Every entry should appear in your answer exactly as it does here.

[Scraped caption text data]
======

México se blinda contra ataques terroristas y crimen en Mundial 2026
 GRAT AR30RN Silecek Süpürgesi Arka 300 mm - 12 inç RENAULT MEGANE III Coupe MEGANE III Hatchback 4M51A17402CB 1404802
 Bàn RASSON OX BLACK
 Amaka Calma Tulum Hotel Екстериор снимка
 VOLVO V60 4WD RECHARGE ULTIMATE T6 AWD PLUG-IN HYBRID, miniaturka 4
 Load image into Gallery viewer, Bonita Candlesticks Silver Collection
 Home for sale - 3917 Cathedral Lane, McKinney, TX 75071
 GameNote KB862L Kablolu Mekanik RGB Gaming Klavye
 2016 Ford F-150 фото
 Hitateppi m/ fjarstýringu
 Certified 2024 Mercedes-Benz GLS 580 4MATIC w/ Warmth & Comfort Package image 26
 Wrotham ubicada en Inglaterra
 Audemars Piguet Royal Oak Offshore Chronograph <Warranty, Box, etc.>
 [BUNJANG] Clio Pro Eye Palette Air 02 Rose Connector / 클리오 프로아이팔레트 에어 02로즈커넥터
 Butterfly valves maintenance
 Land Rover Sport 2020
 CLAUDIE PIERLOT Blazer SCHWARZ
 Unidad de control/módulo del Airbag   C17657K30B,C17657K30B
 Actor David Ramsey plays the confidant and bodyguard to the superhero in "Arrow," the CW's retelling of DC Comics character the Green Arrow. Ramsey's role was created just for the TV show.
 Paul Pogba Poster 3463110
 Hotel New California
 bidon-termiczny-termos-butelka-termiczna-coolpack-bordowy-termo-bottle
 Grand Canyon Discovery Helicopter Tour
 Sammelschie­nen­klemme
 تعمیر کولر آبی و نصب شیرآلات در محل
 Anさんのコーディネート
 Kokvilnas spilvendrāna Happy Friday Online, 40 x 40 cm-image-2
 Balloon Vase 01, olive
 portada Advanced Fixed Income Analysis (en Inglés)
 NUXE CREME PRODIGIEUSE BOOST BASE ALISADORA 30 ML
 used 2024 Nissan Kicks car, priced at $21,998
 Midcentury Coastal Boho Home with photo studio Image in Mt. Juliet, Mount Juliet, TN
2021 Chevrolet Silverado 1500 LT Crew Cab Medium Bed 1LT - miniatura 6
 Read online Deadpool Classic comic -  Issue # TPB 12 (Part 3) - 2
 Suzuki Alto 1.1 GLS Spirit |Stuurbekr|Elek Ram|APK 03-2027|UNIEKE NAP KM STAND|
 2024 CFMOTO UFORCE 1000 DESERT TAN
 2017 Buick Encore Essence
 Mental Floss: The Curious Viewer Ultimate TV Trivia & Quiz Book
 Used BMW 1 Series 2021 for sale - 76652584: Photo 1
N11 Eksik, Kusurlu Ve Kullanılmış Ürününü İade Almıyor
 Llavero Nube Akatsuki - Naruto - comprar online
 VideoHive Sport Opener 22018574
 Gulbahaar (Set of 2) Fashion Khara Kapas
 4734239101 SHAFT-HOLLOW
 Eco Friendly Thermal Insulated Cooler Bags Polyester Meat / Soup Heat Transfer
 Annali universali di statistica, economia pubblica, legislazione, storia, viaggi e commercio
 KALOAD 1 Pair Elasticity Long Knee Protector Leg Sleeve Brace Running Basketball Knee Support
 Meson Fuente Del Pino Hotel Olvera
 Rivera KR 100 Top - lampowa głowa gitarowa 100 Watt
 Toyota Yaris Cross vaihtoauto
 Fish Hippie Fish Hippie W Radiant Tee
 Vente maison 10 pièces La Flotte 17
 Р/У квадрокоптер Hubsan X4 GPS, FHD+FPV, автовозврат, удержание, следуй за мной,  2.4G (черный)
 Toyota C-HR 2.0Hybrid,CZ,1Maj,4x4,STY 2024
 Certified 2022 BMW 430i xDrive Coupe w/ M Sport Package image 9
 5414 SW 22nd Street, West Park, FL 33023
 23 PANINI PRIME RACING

======

TASK OUTPUT:
México se blinda contra ataques terroristas y crimen en Mundial 2026
 GRAT AR30RN Silecek Süpürgesi Arka 300 mm - 12 inç RENAULT MEGANE III Coupe MEGANE III Hatchback 4M51A17402CB 1404802
 Bàn RASSON OX BLACK
 Amaka Calma Tulum Hotel Екстериор снимка
 VOLVO V60 4WD RECHARGE ULTIMATE T6 AWD PLUG-IN HYBRID, miniaturka 4
 Load image into Gallery viewer, Bonita Candlesticks Silver Collection
 Home for sale - 3917 Cathedral Lane, McKinney, TX 75071
 GameNote KB862L Kablolu Mekanik RGB Gaming Klavye
 2016 Ford F-150 фото
 Hitateppi m/ fjarstýringu
 Certified 2024 Mercedes-Benz GLS 580 4MATIC w/ Warmth & Comfort Package image 26
 Wrotham ubicada en Inglaterra
 Audemars Piguet Royal Oak Offshore Chronograph <Warranty, Box, etc.>
 [BUNJANG] Clio Pro Eye Palette Air 02 Rose Connector / 클리오 프로아이팔레트 에어 02로즈커넥터
 Butterfly valves maintenance
 Land Rover Sport 2020
 CLAUDIE PIERLOT Blazer SCHWARZ
 Unidad de control/módulo del Airbag   C17657K30B,C17657K30B
 Actor David Ramsey plays the confidant and bodyguard to the superhero in "Arrow," the CW's retelling of DC Comics character the Green Arrow. Ramsey's role was created just for the TV show.
 Paul Pogba Poster 3463110
 Hotel New California
 bidon-termiczny-termos-butelka-termiczna-coolpack-bordowy-termo-bottle
 Grand Canyon Discovery Helicopter Tour
 Sammelschie­nen­klemme
 تعمیر کولر آبی و نصب شیرآلات در محل
 Anさんのコーディネート
 Kokvilnas spilvendrāna Happy Friday Online, 40 x 40 cm-image-2
 Balloon Vase 01, olive
 portada Advanced Fixed Income Analysis (en Inglés)
 NUXE CREME PRODIGIEUSE BOOST BASE ALISADORA 30 ML
 used 2024 Nissan Kicks car, priced at $21,998
 Midcentury Coastal Boho Home with photo studio Image in Mt. Juliet, Mount Juliet, TN
2021 Chevrolet Silverado 1500 LT Crew Cab Medium Bed 1LT - miniatura 6
 Read online Deadpool Classic comic -  Issue # TPB 12 (Part 3) - 2
 Suzuki Alto 1.1 GLS Spirit |Stuurbekr|Elek Ram|APK 03-2027|UNIEKE NAP KM STAND|
 2024 CFMOTO UFORCE 1000 DESERT TAN
 2017 Buick Encore Essence
 Mental Floss: The Curious Viewer Ultimate TV Trivia & Quiz Book
 Used BMW 1 Series 2021 for sale - 76652584: Photo 1
N11 Eksik, Kusurlu Ve Kullanılmış Ürününü İade Almıyor
 Llavero Nube Akatsuki - Naruto - comprar online
 VideoHive Sport Opener 22018574
 Gulbahaar (Set of 2) Fashion Khara Kapas
 4734239101 SHAFT-HOLLOW
 Eco Friendly Thermal Insulated Cooler Bags Polyester Meat / Soup Heat Transfer
 Annali universali di statistica, economia pubblica, legislazione, storia, viaggi e commercio
 KALOAD 1 Pair Elasticity Long Knee Protector Leg Sleeve Brace Running Basketball Knee Support
 Meson Fuente Del Pino Hotel Olvera
 Rivera KR 100 Top - lampowa głowa gitarowa 100 Watt
 Toyota Yaris Cross vaihtoauto
 Fish Hippie Fish Hippie W Radiant Tee
 Vente maison 10 pièces La Flotte 17
 Р/У квадрокоптер Hubsan X4 GPS, FHD+FPV, автовозврат, удержание, следуй за мной,  2.4G (черный)
 Toyota C-HR 2.0Hybrid,CZ,1Maj,4x4,STY 2024
 Certified 2022 BMW 430i xDrive Coupe w/ M Sport Package image 9
 5414 SW 22nd Street, West Park, FL 33023
 23 PANINI PRIME RACING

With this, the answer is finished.